I think economy is fine, but I don't buy the "fake news" or blaming media bias by either side. There are specific news organization that are clearly biased for one side or another, but the overall media is not intentionally creating fake news.
As far as the economy, there are certain things that sour people's opinions. Housing costs which are extremely sticky are a big factor. Looking at the mortgage rate, rent, increasing property tax, etc., the more and more unaffordability and immovability of housing sours people's views. Also, until there is overall deflation, lower inflation rate means that, for the most part, people are still dealing with high prices on groceries from the inflation spike. People are not going to associate 3% increase in their "merit" based compensation to offsetting inflation. On top of that, they are paying higher interest payment on their credit card payments. All of that will make them feel not great about the economy. You and I as asset owners can look at these issues as not material and view from a total economy viewpoint.
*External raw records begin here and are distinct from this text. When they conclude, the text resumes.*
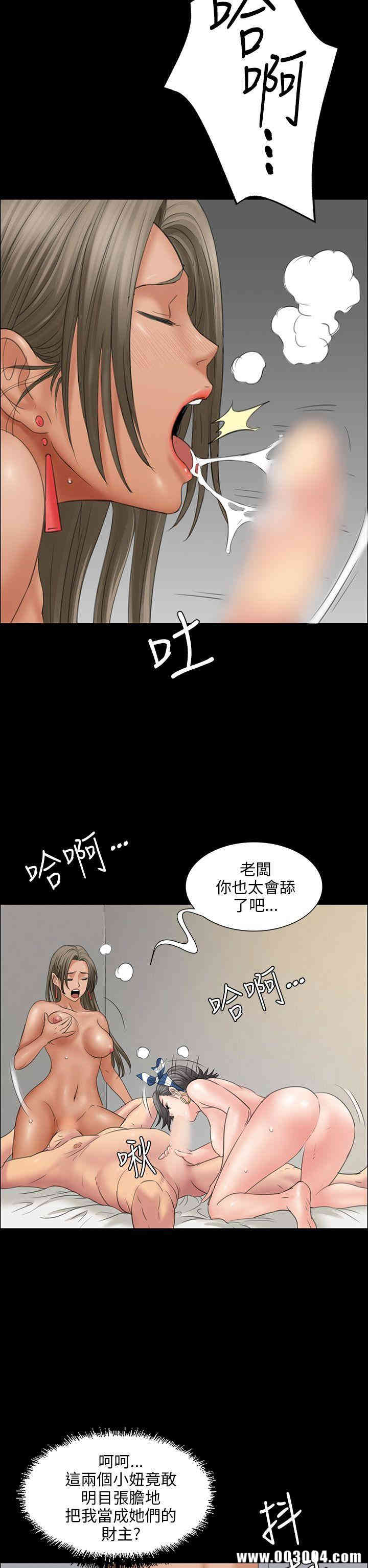 傀儡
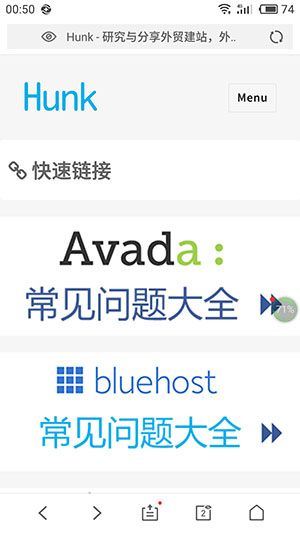 响应式网站移动端
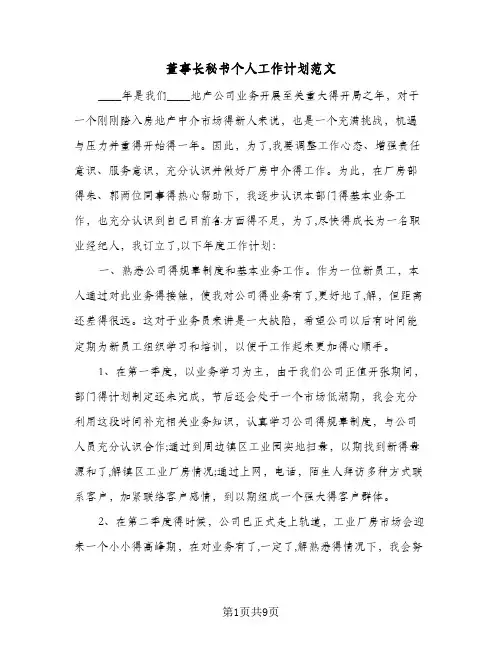 董事长秘书个人工作计划范文（五篇）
For example, I don't mind higher interest since I don't carry any variable interest debt (or any debt) but have only benefitted from higher interest from my current overweighted cash balance in this over-exuberant equity market. People like us are not the ones who need to be won over by Biden in the battleground states.
t4k shared some interesting perception data from the NYT this morning. Do you feel like this polling reflects the actual economy?
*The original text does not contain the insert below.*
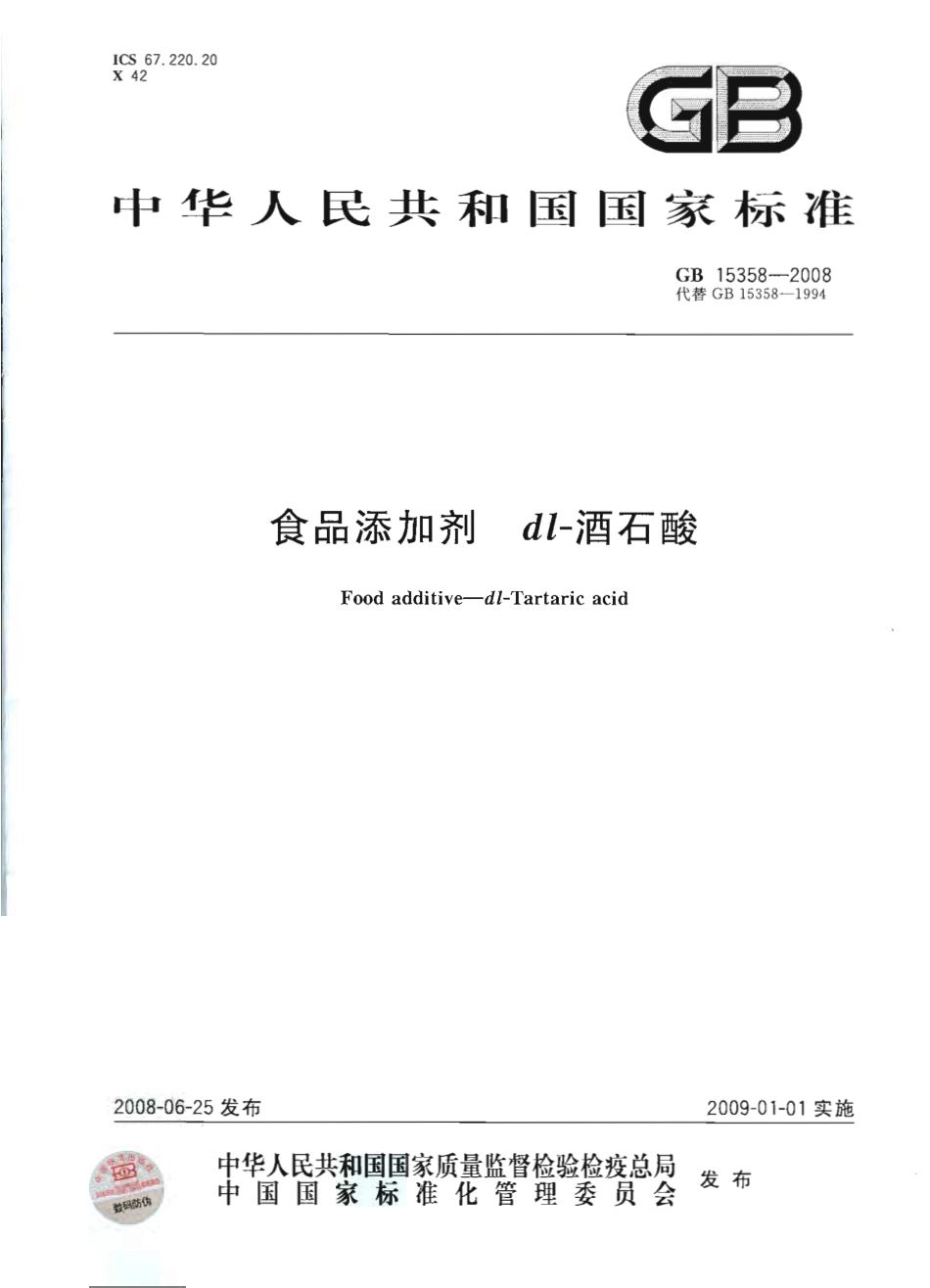 GB 15358-2008 食品添加剂 dl-酒石酸.pdf_第1页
As for grocery prices, the clickbait WSJ article acknowledged that their basket of groceries has come down in price over the last 12 months (although that was mostly lost in the excessive handwringing and ignoring of offsetting wage gains).
Only 1/5 of those polled think the economy is good or excellent even though objectively the economy is about as good as it's been in a long time. One interpretation could be that for the vast majority of Americans, the economy will never and can never actually be good. That's capitalism for you.
I guess we can all just keep going in circles on this. The economy will continue to hum along and people will continue to perceive it negatively.
tequila4kapp said:
New York Times/Siena poll results Saturday on the economy:
"Thinking about the nation's economy, how would you rate economic conditions today?":
- 4 percent said excellent
- 17 percent said good
- 27 percent said only fair
- 52 percent said poor
Voter perception about the direction of the country:
- Right track: 25 percent
- Wrong direction: 64 percent
- Don't know/Refused: 11 percent
If I had to boil down the point where you and I are maybe missing the mark in our discussion, it is that irrespective of the overall economic health, there are certain aspects that linger that create bigger impact for most Americans.
Where you and I agree is that the economy is doing extremely well in light of the actions taken to reduce inflation.
Where you and I disagree is that, irrespective of the overall healthy economy, the higher interest rate and the overregulation in home development are creating an unaffordable or more expensive housing market for many people and much higher debt service payment at a time when household debt level is at an extremely high level. The wage increase will not be viewed as countering the higher expenses since most people view the wage increase as merit based that they earned while the higher expenses are created by bad policies. I think that is generally reflected in the polling data. Whether they are wrong or not does not matter. It's perspective, and it's a perspective that has always existed.
As long as there is overregulation in the housing market (CA is a great example) and there is higher interest rate, people are not going to want to move out (especially if they already have locked in low interest rate) and there will be lack of housing. What happens when supply is less than demand? Prices increase. Just like rent. With rent control and with people unable to purchase homes, there is more competition for more limited supply. Housing makes up a big chuck of expenses. And the frustration with inability to afford to buy a house will sour people's views irrespective of how good the overall economy is. And when the economy is doing well and inflation remains higher than 2-3% (I don't want to discuss whether historical inflation was higher because historical interest rate was also higher - we are not going back to much lower interest rate which is below historical rate unless inflation is also lower), there will be resistance by the Fed to lower rates.
Like any entitlement (government gives something for free to people, they will never be able to take it back), people remember how much lower mortgage rate, food prices, etc. were and that they are still struggling now despite working hard and "earning through merit" those wage increases. I don't know if you view your compensation increase as just better economy independent of you instead of you having earned that raise. But that's their view on wage increase. When you are looking to buy something, and you see it be a lot more expensive, you don't most likely think - hmmm, i got that pay raise - therefore, things are also more expensive.